Japanese companies should take greater advantage of the strong yen to increase overseas investments and buy natural resources, according to the country’s economy minister.
While Japanese exporters have been complaining about the yen’s rise, which hit record highs on a nominal basis against the dollar late last year, Yukio Edano said companies should not ignore the upside of a strong currency.
“We should use the strong yen assertively to invest and buy things, to be as proactive as possible,” said Mr Edano, whose brief also includes trade and industry. “Japan is short on resources, so we need to use this opportunity to firmly secure rights to energy and commodities.”
His call echoes the country’s buying spree in the 1980s, when Japanese companies snapped up US real estate and overseas competitors.
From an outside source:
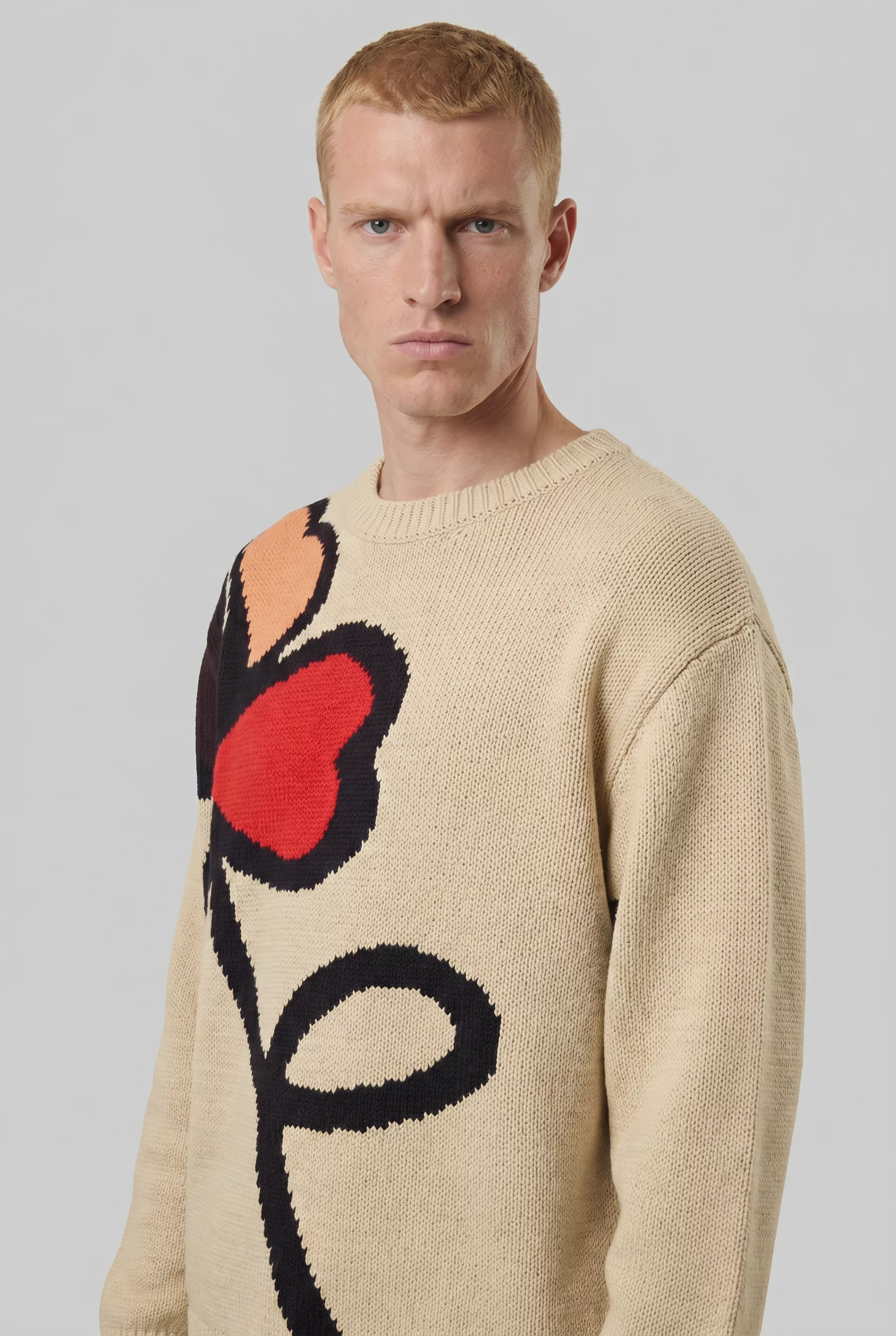 PULL EN MAILLE COULEUR FICELLE NN.07 TODD-020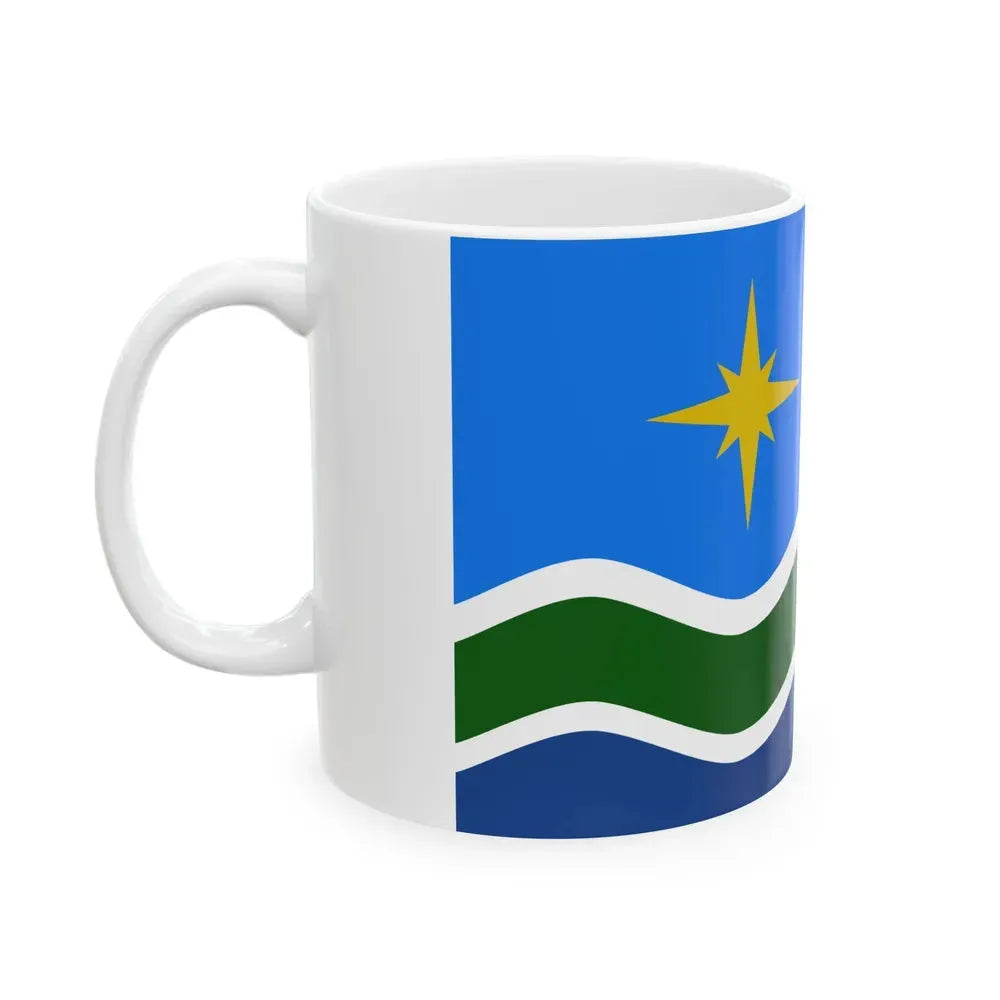 Flag of Duluth Minnesota (United States) White Coffee Mug - Go Mug Yourself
A revival of that strategy, but with a focus on natural resources, is pitting Japanese firms against a new generation of Chinese rivals.
According to Mergermarket, Japanese companies spent $69.5 billon on overseas assets in 2011, more than double their 2010 total but less than the record $74.2 billon of deals completed in 2008.
Mr Edano urged companies to become even bolder: “It’s not something just for the bureaucracy: it’s something I encourage the private sector to push ahead with vigorously ... We have to go on the offensive.”
Japan’s trading houses, which make the bulk of their profits from commodities, have embarked on a buying spree that has surprised Western mining and oil executives. The top five houses — Mitsubishi, Mitsui, Sumitomo, Itochu and Marubeni — are significant producers and traders of commodities including copper, iron ore, crude oil, coal, aluminium, soyabeans and liquefied natural gas.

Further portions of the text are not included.